• **EXTRACTED DATA**:
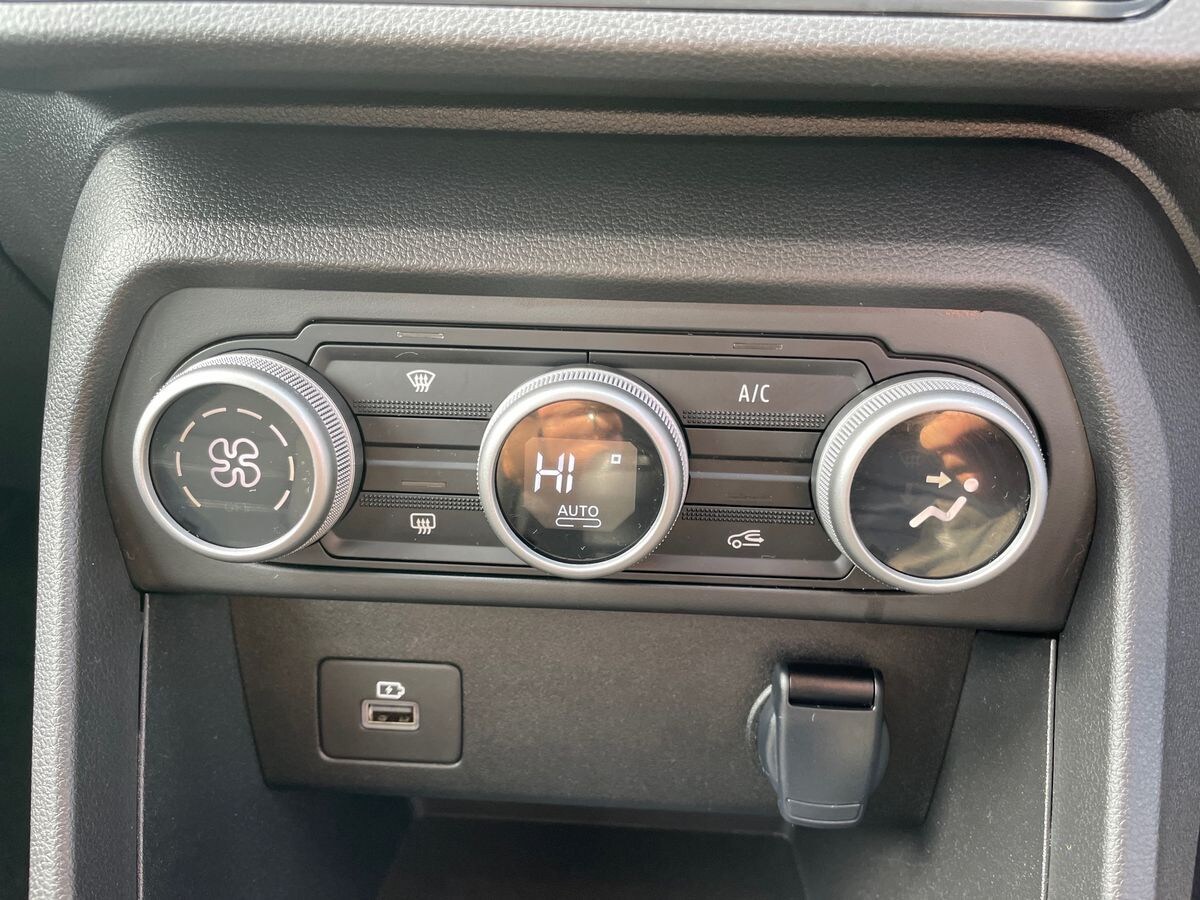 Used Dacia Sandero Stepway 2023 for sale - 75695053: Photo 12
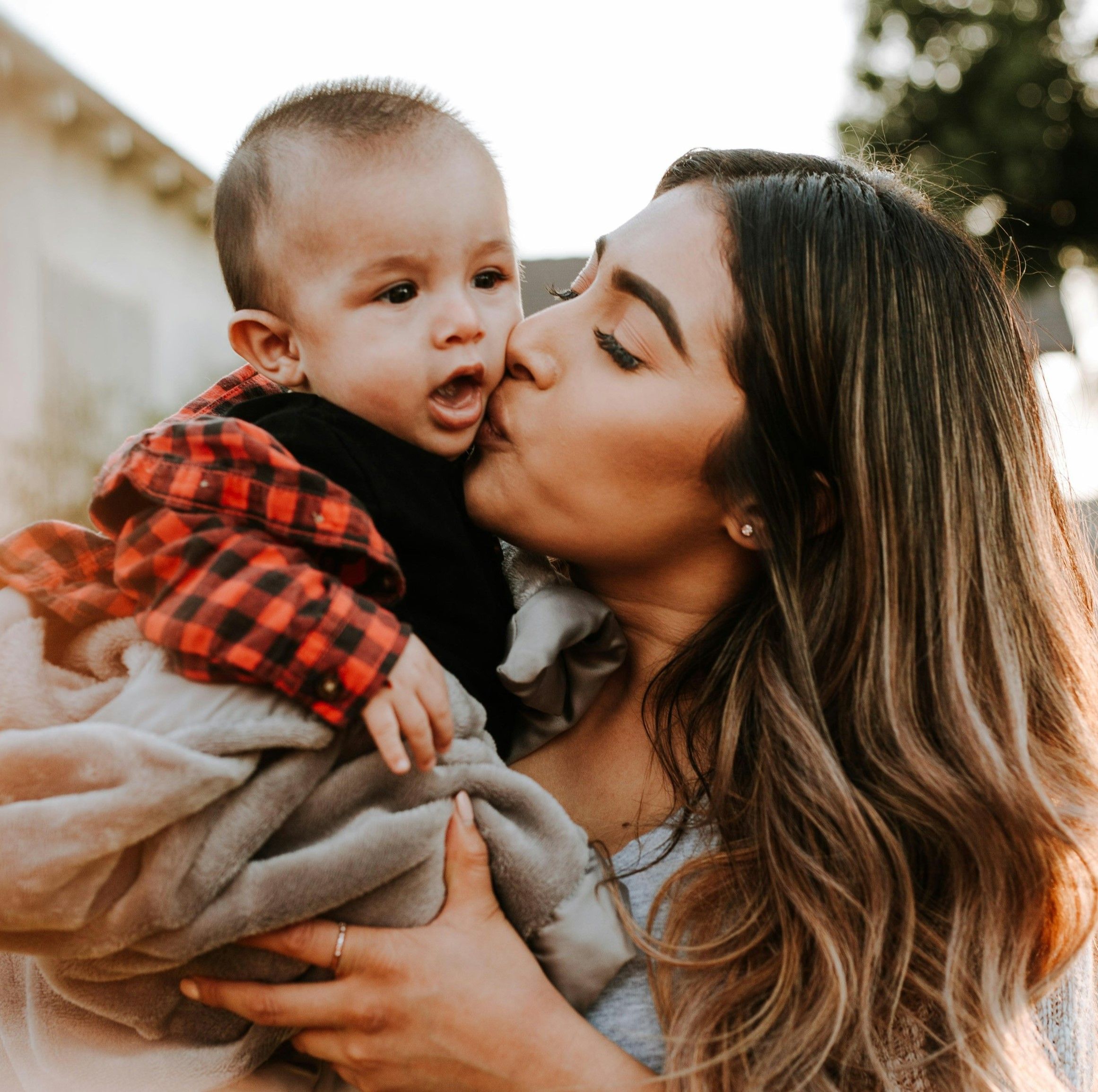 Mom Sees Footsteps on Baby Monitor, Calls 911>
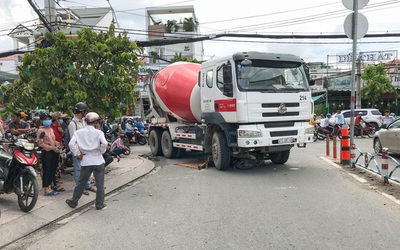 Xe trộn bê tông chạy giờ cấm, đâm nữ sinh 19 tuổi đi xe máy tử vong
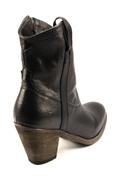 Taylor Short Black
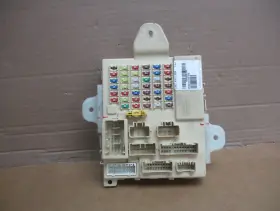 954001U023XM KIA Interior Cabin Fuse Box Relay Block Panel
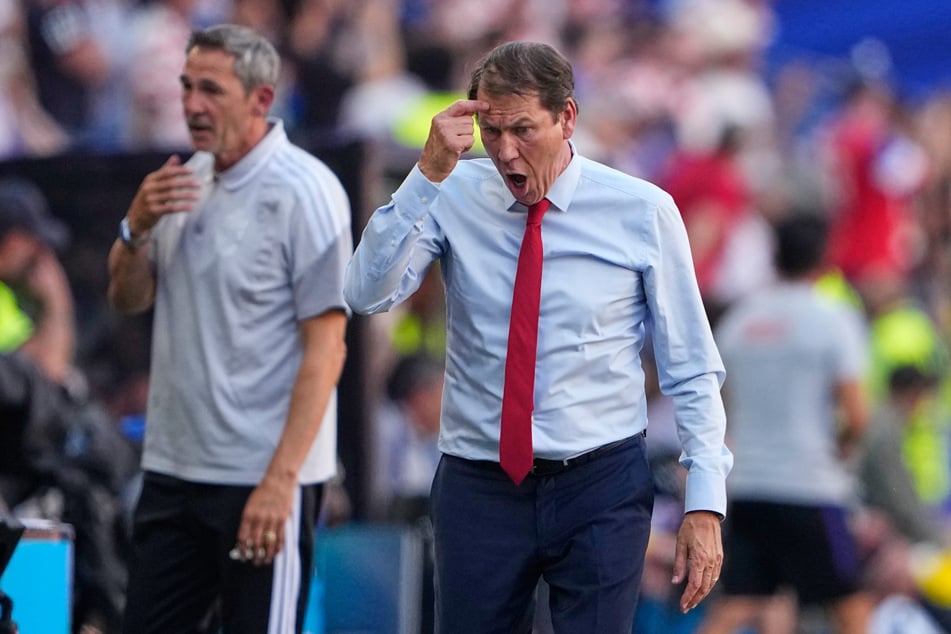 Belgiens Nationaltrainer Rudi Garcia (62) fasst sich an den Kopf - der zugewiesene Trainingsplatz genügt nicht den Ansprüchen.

• **WORK TO BE COMPLETED**: An exact copy of every entry, without pictures, should be your output.

• **OUTPUT BELOW**:
 Used Dacia Sandero Stepway 2023 for sale - 75695053: Photo 12
 Mom Sees Footsteps on Baby Monitor, Calls 911>
 Xe trộn bê tông chạy giờ cấm, đâm nữ sinh 19 tuổi đi xe máy tử vong
 Taylor Short Black
 954001U023XM KIA Interior Cabin Fuse Box Relay Block Panel
 Belgiens Nationaltrainer Rudi Garcia (62) fasst sich an den Kopf - der zugewiesene Trainingsplatz genügt nicht den Ansprüchen.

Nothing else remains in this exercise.